Search for data tables.
When we search for ordinary written documents, we send words into a search engine and get pages of words back.
What if we could search for spreadsheets by sending spreadsheets into a search engine and getting spreadsheets back? The order of the results would be determined by various specialized statistics; just as we use PageRank to find relevant hypertext documents, we can develop other statistics that help us find relevant spreadsheets.
Comma Search indexes only spreadsheets that are stored locally. To index a new spreadsheet, run
, --index [csv file]
Regardless of what path you give for the csv file, Comma Search will expand the path to an absolute path and then use this as the key to meta-index the cached results of the indexing. These caches are all stored in the ~/., directory.
By default, CSV files that have already been indexed will be skipped; to index the same CSV file again, run with the --force or -f option.
, --index --force [csv file]
Once you have indexed a bunch of CSV files, you can search.
, [csv file]
You’ll see a bunch of file paths as results
$ , ‘Math Scores 2009.csv’ /home/tlevine/math-scores-2010-gender.csv /home/tlevine/Math Scores 2009.csv /home/tlevine/Math Scores 2009 Copy (1).csv /home/tlevine/math-scores-2009-ethnicity.csv
When we index a table, we first figure out the unique indices
import special_snowflake indices = special_snowflake.fromcsv(open(filepath))
and save them.
from pickle_warehouse import Warehouse Warehouse(os.path.expathuser('~/.,/indices'))[filepath] = indices
Then we look at all of the values of all of the unique indices and save them.

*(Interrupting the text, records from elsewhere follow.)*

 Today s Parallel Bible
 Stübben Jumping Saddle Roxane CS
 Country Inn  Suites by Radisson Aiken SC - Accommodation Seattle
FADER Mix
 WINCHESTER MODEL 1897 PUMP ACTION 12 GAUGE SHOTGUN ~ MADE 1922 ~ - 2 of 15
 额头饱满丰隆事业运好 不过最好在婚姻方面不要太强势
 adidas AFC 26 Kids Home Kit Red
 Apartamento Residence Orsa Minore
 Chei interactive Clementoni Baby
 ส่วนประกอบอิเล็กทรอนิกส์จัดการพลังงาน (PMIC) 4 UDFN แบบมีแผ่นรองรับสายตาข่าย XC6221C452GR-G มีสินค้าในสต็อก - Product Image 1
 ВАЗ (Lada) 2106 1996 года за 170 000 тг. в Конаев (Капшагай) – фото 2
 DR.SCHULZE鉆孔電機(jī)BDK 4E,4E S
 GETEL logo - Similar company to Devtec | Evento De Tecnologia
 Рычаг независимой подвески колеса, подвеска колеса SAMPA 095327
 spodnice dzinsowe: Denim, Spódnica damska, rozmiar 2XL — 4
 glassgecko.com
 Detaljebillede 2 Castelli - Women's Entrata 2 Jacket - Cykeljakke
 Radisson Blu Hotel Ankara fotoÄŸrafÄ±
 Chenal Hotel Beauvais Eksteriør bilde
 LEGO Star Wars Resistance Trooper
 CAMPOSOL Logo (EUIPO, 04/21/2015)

Warehouse(os.path.expanduser(‘~/.,/values/%d’ % hash(index)))[filepath] = set_of_indexed_values
When we search for a table, it actually gets indexed first. Once it has been indexed, we know the unique keys of the table. We look up the indices,
indices = Warehouse(os.path.expathuser('~/.,/indices'))[path]

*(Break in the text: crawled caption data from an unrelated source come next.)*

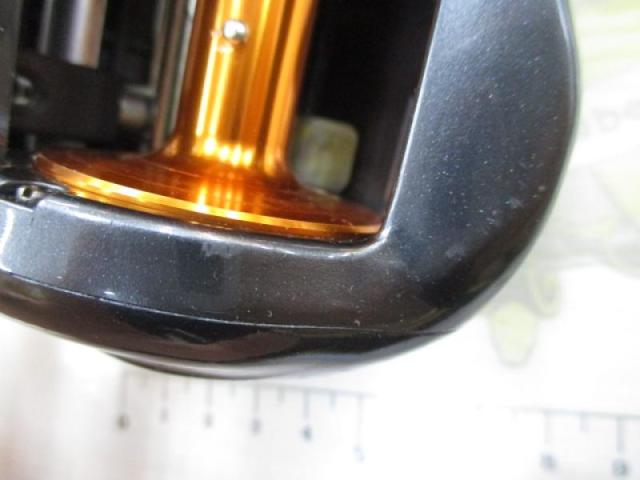 18バルケッタSC 1000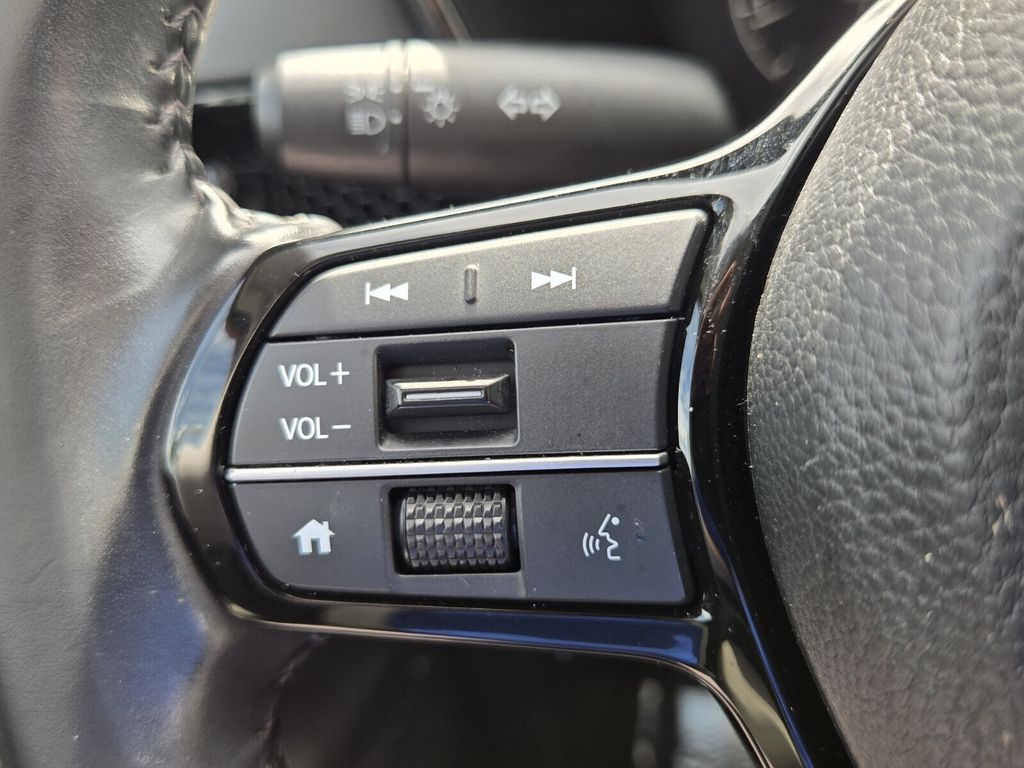 2024 Honda CR-V EX-L - Photo 24
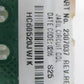 2307037 Original Whirlpool LIFETIME GUARANTEE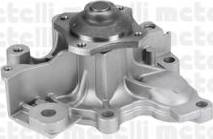 Cifam 824-933 - Water Pump autospares.lv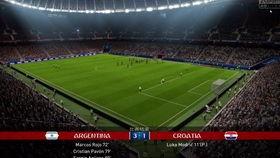 fifa18世界杯巴西队,18年世界杯八强名单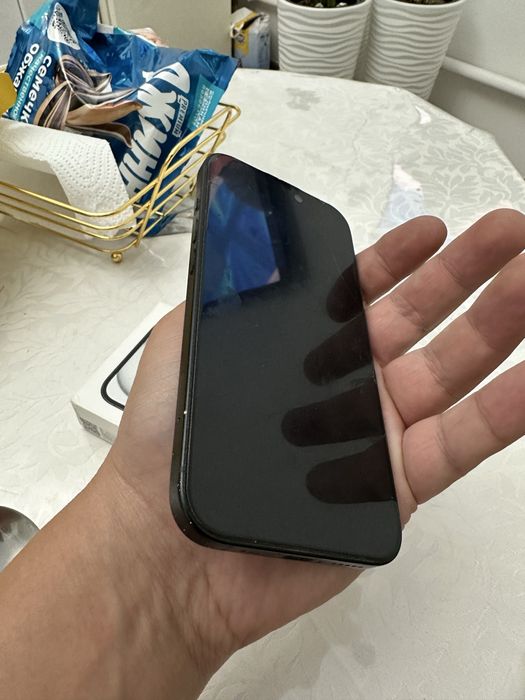 iPhone15 б/у в оригинале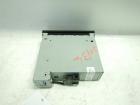 Audi A3 8P CD Wechsler 8E0035111XD , CD Changer , 6 Fach Wechsler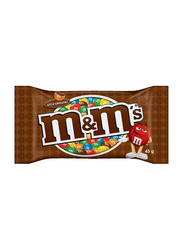 M&M'S Milk Flavour Chocolate, 45g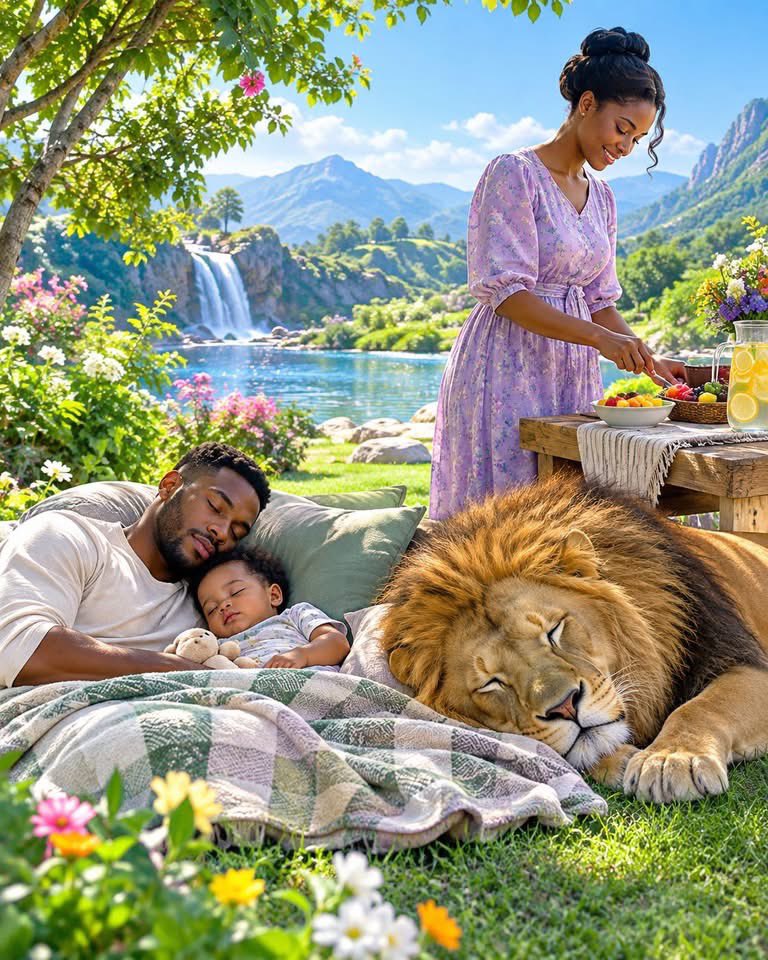 ShellyJ57247163's tweet photo. One day soon we will enjoy the life Jehovah has promised us. https://t.co/9HLBhYs1Wi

then we look up all of the tables that contain this index,
tables = Warehouse(os.path.expanduser('~/.,/values/%d' % hash(index)))

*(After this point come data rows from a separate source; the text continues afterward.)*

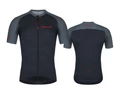 Kellys Rival 2 Blue rövid ujjú kerékpáros mez Navi kék XL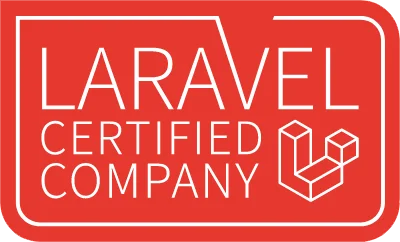 Laravel Certified Company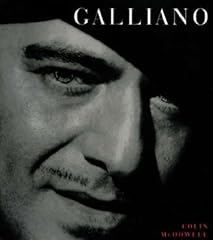 Galliano romantic realist for sale  Delivered anywhere in UK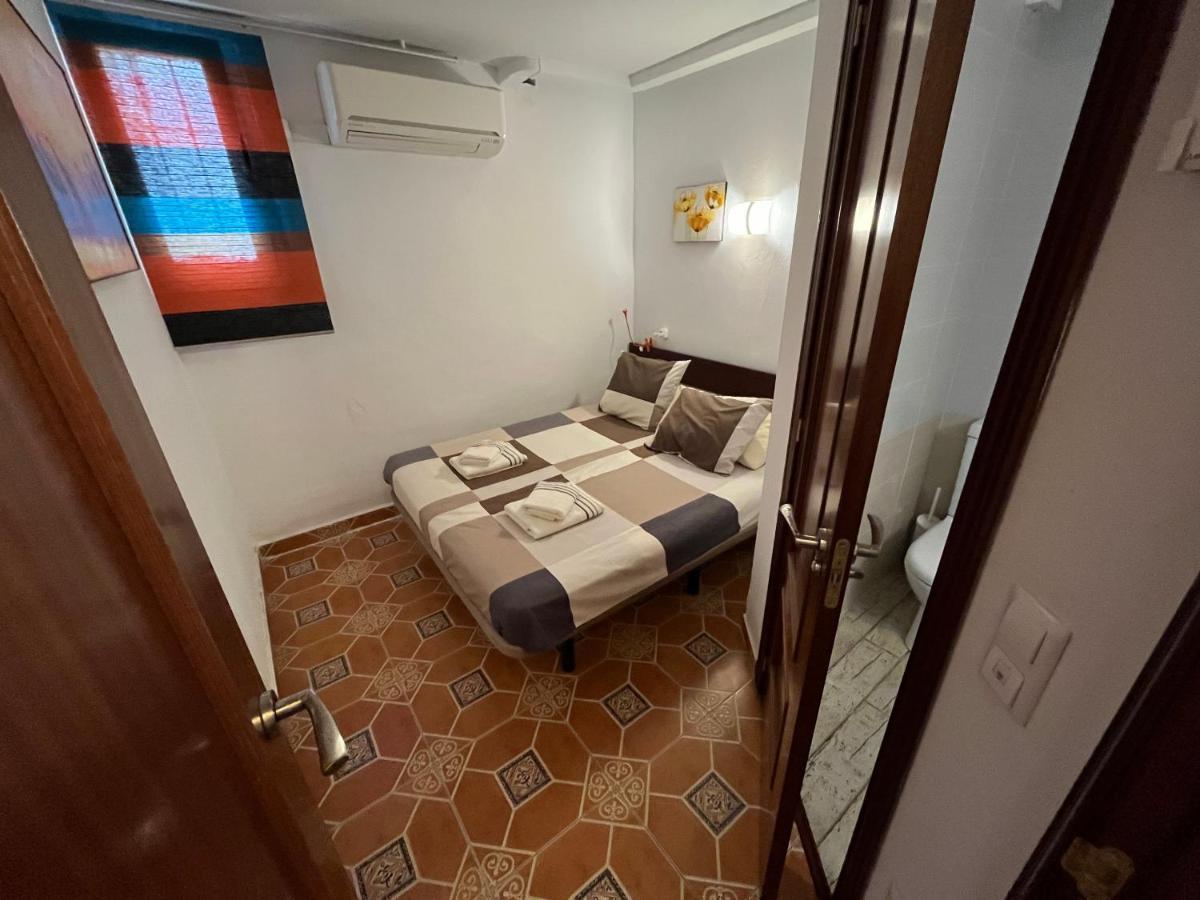 Apartments Bahia Dorada Estepona Exterior foto
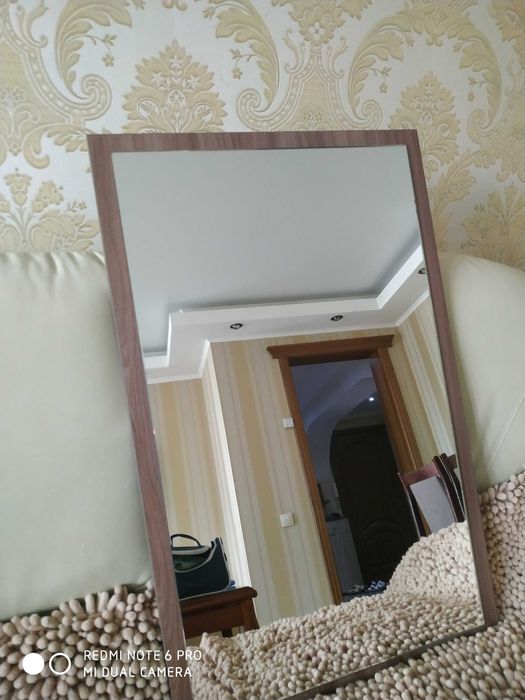 Продам новое зеркало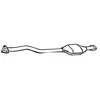 Image de Catalyseur Walker 20231 Opel;Vauxhall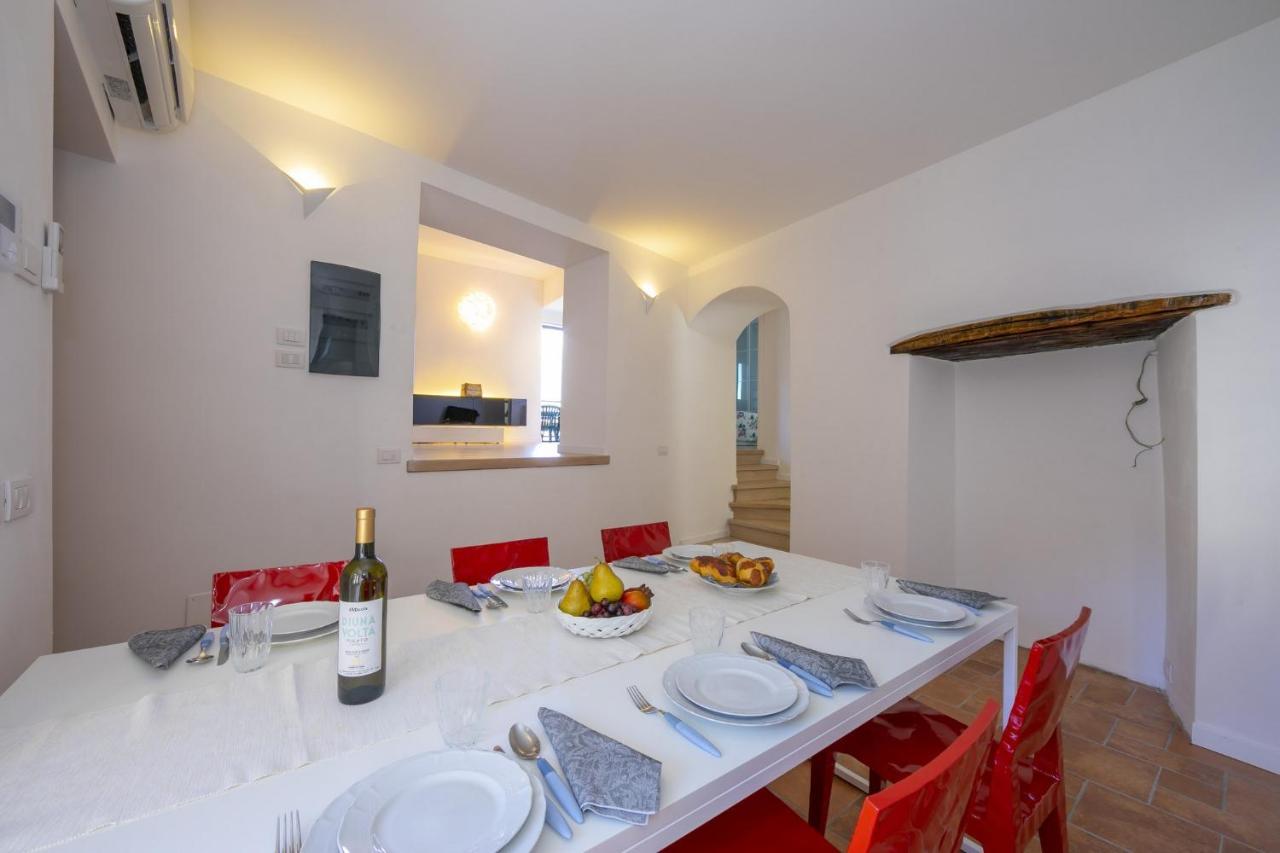 Apartment Paradiso Del Lago Cristina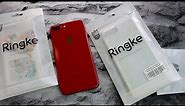 Ringke Cases For The PRODUCT RED iPhone 8 Plus!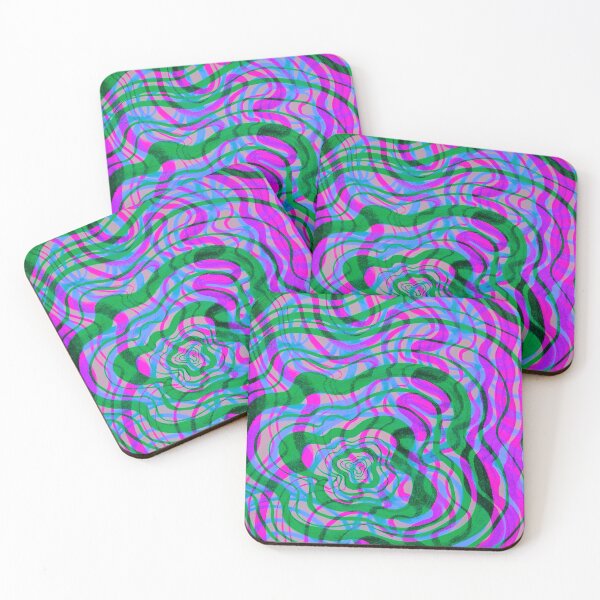 Item preview, Layered Marker #3 designed and sold by meghan-tyrrell.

and the values of this tables object are sets of hashes of the different values. I can then count how many items are in the intersection between the set for the table that is used as the query and the every other particular table.
If I want to go crazy, I might do this for combinations of columns that aren’t unique indices, and I’d use collections.Counter objects to represent the distributions of the values.